ここに逆説がある。設計者は利用者の負担を減らそうと、仕組みをできるだけ見えなくする。見えなくすればするほど、体験は滑らかになる。しかし同時に、利用者は「何が起きているのか」を知る手がかりを失っていく。順調なうちはそれでよい。問題は、滑らかさに慣れた利用者が、いざ不調に直面したとき、なぜそうなったのかをまったく説明できない、という事態である。透明性が、理解を奪う。これが「透明性の逆説」だ。
見えなさが、信頼を蝕むとき
見えない自動化が増えるほど、人は結果だけを受け取り、過程を問わなくなる。推薦された商品がなぜ推薦されたのか、申請がなぜ却下されたのか──理由が見えないまま結果だけが返ってくると、納得も反論も難しい。滑らかさと引き換えに、説明可能性が失われていく。これは、本サイトで扱った可観測性が、システムの内側だけでなく、利用者との関係にも必要になるという話でもある。内部の流れを追えるようにする工夫は、対外的な説明のためにも効いてくる。
一方で、何もかも見せればよいわけではない。背後の処理をすべて表示すれば、利用者は情報の洪水に溺れ、肝心の操作に集中できない。通知疲れで論じたように、過剰な開示は過少な開示と同じく、人の注意をすり減らす。見せすぎれば煩わしく、隠しすぎれば不安になる。その間に、ちょうどよい一点があるはずだ、というのが設計の難しさである。
適切な不可視性へ
目指すべきは、完全な無存在ではない。順調なときには背景に退き、必要なときにだけ前に出てくる──そんな「適切な不可視性」だ。たとえば、処理が滞っているときにはその旨を静かに知らせる。判断の理由を、求められれば示せるようにしておく。普段は黙っていても、いざとなれば説明できる構えを残す。見えなさそのものを否定するのではなく、見えなさに非常口を設けておく、という発想である。
よい自動化は、気づかれない。

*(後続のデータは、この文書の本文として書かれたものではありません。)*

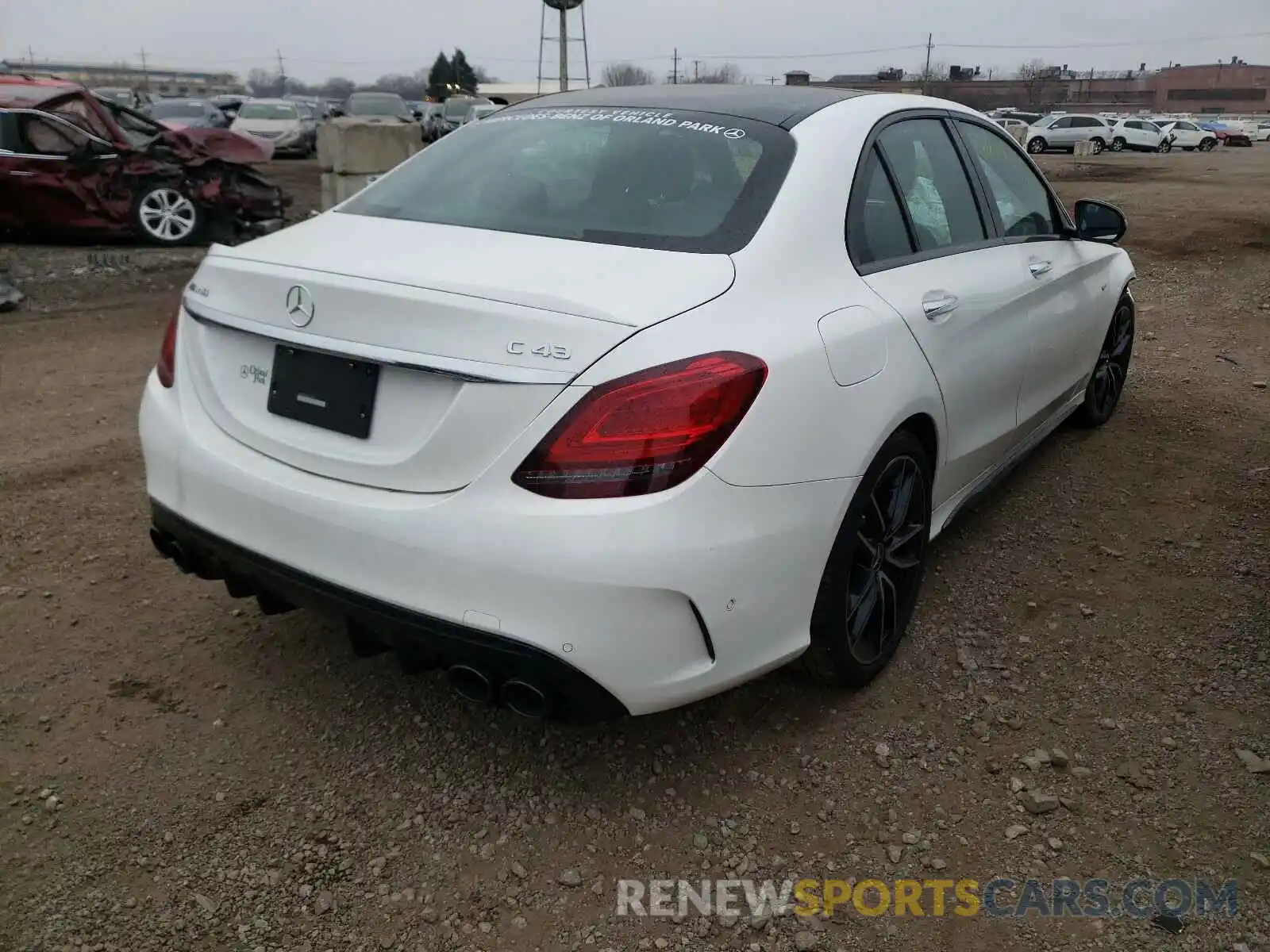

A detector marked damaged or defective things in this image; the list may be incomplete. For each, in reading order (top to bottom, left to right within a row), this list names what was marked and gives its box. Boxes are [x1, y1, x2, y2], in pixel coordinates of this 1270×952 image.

けれどそれは「永遠に気づかれてはならない」という意味ではない。順調な日々には存在を忘れさせ、つまずいた瞬間にはきちんと姿を見せる。その切り替えを担えるかどうかに、設計の成熟が表れる。滑らかさを誇るシステムは多いが、滑らかさが破れたときの振る舞いまで設計されたシステムは、まだ少ない。見えない仕組みに私たちが安心して身を預けられるのは、それが見えなくなれるからではなく、必要なときに見えるようになれるからなのだ。
参考資料
- Mark Weiser によるユビキタス・コンピューティングと「消えゆく技術」に関する論考(一般的な引用)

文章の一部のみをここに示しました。